### What to work on
Your reply should set down word for word each line below from the one with "241 Alta Vista Drive, Candler, NC 28715" through the final line, both included, but none of the pictures.

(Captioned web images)
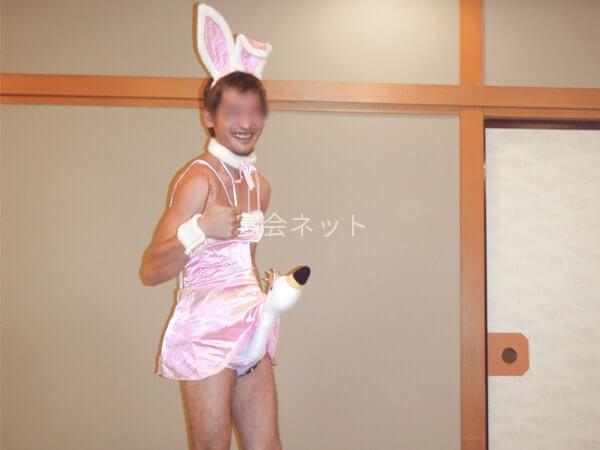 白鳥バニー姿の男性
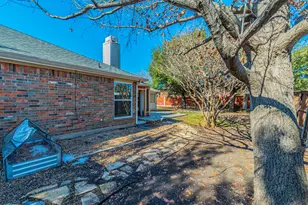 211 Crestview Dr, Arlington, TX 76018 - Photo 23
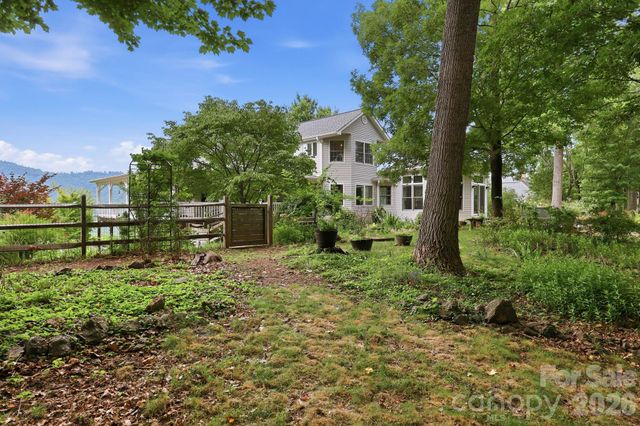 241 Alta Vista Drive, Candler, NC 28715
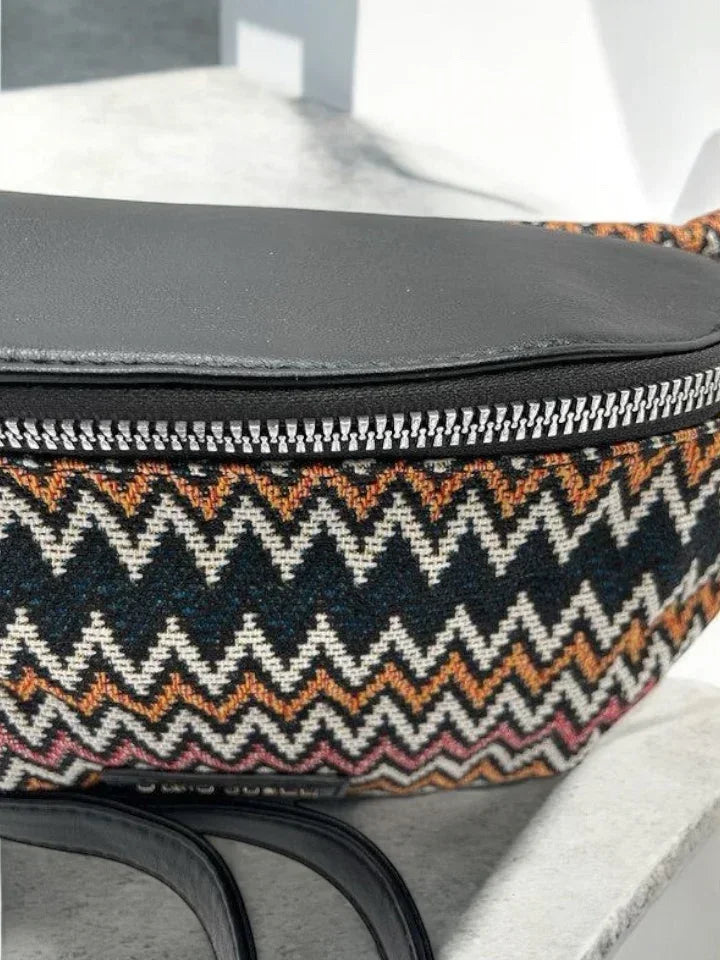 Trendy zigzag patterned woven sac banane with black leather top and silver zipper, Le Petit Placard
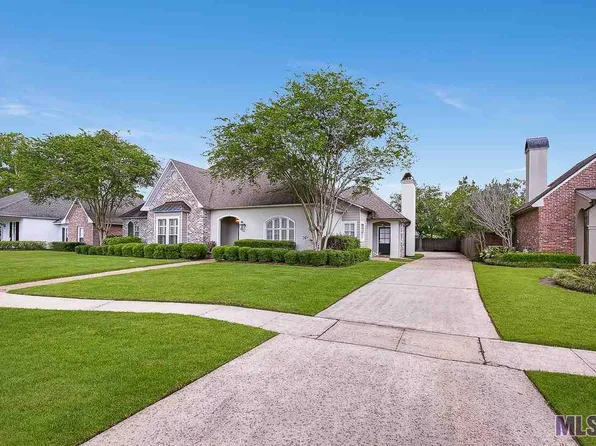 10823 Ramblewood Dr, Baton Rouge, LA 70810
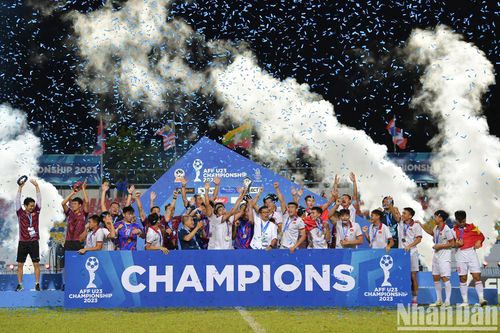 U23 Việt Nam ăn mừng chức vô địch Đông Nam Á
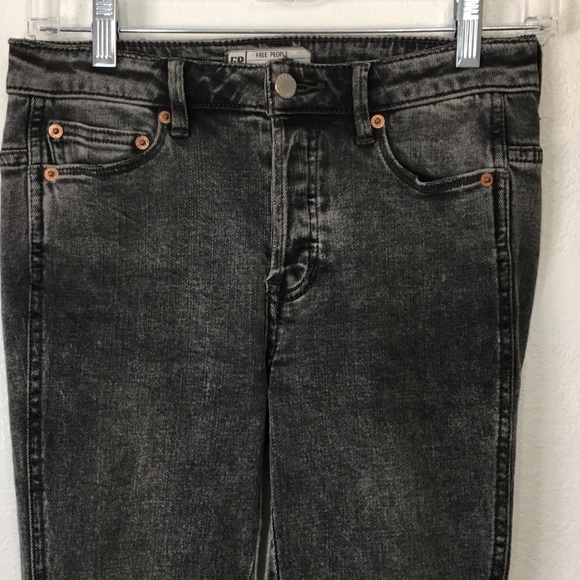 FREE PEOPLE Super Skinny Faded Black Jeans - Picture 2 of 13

### Written answer
 241 Alta Vista Drive, Candler, NC 28715
 Trendy zigzag patterned woven sac banane with black leather top and silver zipper, Le Petit Placard
 10823 Ramblewood Dr, Baton Rouge, LA 70810
 U23 Việt Nam ăn mừng chức vô địch Đông Nam Á
 FREE PEOPLE Super Skinny Faded Black Jeans - Picture 2 of 13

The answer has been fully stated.